Berri produced loads of other movies, and he kept directing too, never resting for long. He produced two movies back to back right before directing the duology he is best known for: JEAN DE FLORETTE and MANON OF THE SPRING.
Set in rural Provence, the two films are period domestic dramas. There's an inheritance to be bequeathed and so on. They are very much my kind of movies when I'm in the mood for the sort of thing. They're probably best served by pairing with French wine, food, and watching in an afternoon with friend. C'est bien magnifique!

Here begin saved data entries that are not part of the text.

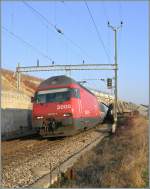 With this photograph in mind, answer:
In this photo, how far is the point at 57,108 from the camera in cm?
2259

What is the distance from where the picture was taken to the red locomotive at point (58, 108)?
73.3 feet

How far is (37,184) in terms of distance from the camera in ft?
33.0

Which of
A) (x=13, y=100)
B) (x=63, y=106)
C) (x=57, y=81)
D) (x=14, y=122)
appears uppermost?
(x=57, y=81)

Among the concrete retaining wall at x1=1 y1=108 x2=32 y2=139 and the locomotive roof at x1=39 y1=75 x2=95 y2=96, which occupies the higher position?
the locomotive roof at x1=39 y1=75 x2=95 y2=96

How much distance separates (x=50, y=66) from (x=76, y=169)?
27394mm

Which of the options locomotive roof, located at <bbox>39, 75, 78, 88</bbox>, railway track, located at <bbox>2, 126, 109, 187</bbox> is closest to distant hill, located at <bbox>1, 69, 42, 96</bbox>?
locomotive roof, located at <bbox>39, 75, 78, 88</bbox>

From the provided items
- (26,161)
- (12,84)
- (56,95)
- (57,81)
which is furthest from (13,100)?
(12,84)

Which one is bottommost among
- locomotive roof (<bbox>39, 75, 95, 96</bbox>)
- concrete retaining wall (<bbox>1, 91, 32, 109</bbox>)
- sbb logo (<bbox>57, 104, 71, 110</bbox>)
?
sbb logo (<bbox>57, 104, 71, 110</bbox>)

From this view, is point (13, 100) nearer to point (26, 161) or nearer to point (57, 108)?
point (57, 108)

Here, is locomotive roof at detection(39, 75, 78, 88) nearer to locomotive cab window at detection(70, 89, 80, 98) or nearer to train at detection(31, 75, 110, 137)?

It stars Gerard Depardieu, Daniel Auteuil, and in one of his final roles, the great Yves Montand, alongside whom Berri had appeared as an actor years before. I love the romanticism of Berri working in a bit part with a major star and then going on to give the same actor one of his great final roles. Sadly for Montand, his beloved wife Simone Signoret (who is riveting in DIABOLIQUE among others) died during the seven month, back-to-back filming of JEAN and MANON.
Those two films set impossibly high expectations for him, and none of his future films could compete with JEAN/MANON's level of acclaim. He went on to produce the wildly successful ASTERIX AND OBELIX films directed and produced by his son Thomas Langmann (THE ARTIST). These broad audience comic book adaptations would stretch into the aughts, and theoretically are ongoing.
In 2003, Berri was elected President of the Cinémathèque Française, and is credited with returning the grand institution to glory. He helped fundraise a significant amount of money to get the Cinémathèque moved into a modern facility designed (and adapted for their use) by none other than legendary architect Frank Gehry. For what it's worth, everything I've read about the Cinémathèque's resurgence has indicated that Berri truly poured his heart into something that succeeded beyond anyone's wildest dreams. If his legacy is that of a great defender of cinema (its study, adoration and preservation), I think he'd rest easy with that.
Seek out his films. Spend a few brain cycles on him instead of refreshing your Twitter or email. What Would Scorsese Do?
Seize your weekend by the throat, my friends.